I don't know if Kitchenaid would have any info on something that old, especially if it was made by Hobart. Then again, I don't know if Hobart would have info on items that old either, but you might try them if you have no luck with Kitchenaid. 

Here's a little history on the Hobart machines: http://ths.gardenweb.com/forums/load/cooking/msg1222141727467.html

The general consensus among people who've had older Kitchenaids and newer ones is that the Hobart-made ones were much better units and are still preferable if you can find one still in good working condition, so you might do really well selling the colander/sieve on eBay. 

Maybe if you could measure the shaft size and post that along with the sieve measurement and state that in your ad and for people to make sure it will fit their machine before purchasing, it might help avoid a return for nonfitting.

Again, hope this helps and that I'm not adding to the confusion, lol.
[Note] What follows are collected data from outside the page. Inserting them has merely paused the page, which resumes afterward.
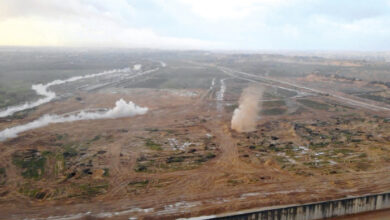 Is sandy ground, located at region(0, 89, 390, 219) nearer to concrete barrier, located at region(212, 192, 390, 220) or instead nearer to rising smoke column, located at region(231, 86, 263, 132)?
concrete barrier, located at region(212, 192, 390, 220)

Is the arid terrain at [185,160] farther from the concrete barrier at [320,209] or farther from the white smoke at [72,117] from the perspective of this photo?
the concrete barrier at [320,209]

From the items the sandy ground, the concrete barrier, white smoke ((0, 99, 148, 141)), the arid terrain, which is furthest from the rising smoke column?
the concrete barrier

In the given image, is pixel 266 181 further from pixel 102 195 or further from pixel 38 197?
pixel 38 197

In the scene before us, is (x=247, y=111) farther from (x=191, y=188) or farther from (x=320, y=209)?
(x=320, y=209)

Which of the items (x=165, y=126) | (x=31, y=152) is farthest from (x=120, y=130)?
(x=31, y=152)

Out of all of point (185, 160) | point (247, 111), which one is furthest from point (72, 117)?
point (247, 111)

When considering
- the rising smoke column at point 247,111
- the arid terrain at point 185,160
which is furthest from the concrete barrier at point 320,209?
the rising smoke column at point 247,111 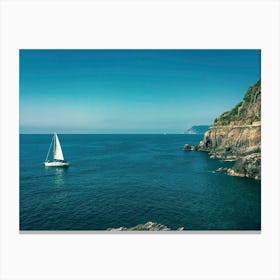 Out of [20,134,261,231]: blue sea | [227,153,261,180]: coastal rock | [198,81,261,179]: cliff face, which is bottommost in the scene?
[20,134,261,231]: blue sea

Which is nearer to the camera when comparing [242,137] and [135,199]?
[135,199]

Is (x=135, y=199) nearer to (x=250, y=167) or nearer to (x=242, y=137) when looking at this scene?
(x=250, y=167)

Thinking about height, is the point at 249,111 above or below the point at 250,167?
above

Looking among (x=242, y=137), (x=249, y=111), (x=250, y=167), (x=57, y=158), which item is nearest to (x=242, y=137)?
(x=242, y=137)

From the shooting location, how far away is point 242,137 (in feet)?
99.0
Good luck!


----------



## calliemoonbeam (Aug 7, 2007)

Aha! Just found some new info that may be helpful. This shows a colander and sieve for a K4C and says it measures 8" compared to the 8.75" of the K5 info found earlier. 

http://www.ebay.com/itm/Vintage-Kit...217?pt=LH_DefaultDomain_0&hash=item5af4d91d89

This page shows numerous models. If you scroll down or search for 1962 and read that description and the one following it, they say the K4C and K45 both used a smaller sieve than the K5.
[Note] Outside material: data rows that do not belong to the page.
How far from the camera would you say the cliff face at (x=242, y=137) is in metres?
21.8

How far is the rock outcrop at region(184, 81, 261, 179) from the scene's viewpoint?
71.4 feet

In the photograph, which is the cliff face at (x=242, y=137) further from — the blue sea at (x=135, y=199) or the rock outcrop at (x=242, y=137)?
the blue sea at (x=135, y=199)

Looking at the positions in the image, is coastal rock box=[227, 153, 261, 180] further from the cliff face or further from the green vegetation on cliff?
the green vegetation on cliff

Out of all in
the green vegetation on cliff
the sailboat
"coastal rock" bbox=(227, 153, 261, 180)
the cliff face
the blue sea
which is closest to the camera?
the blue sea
http://www.ebay.com/itm/Vintage-Kit...217?pt=LH_DefaultDomain_0&hash=item5af4d91d89

So it sounds to me like yours is definitely a K5...though I'm still not sure why she scratched that out and changed it to K45 on the box?? I think I'd scratch out what she wrote and just leave the rest as is and explain as I said above in your eBay ad and give the dimensions of yours.


----------



## KansasFarmgirl (Jan 1, 2008)

Thank you, Callie! 

I just called KitchenAid before coming over here to HT, and she told me the K5 and K45 *should* be interchangeable. LOL. 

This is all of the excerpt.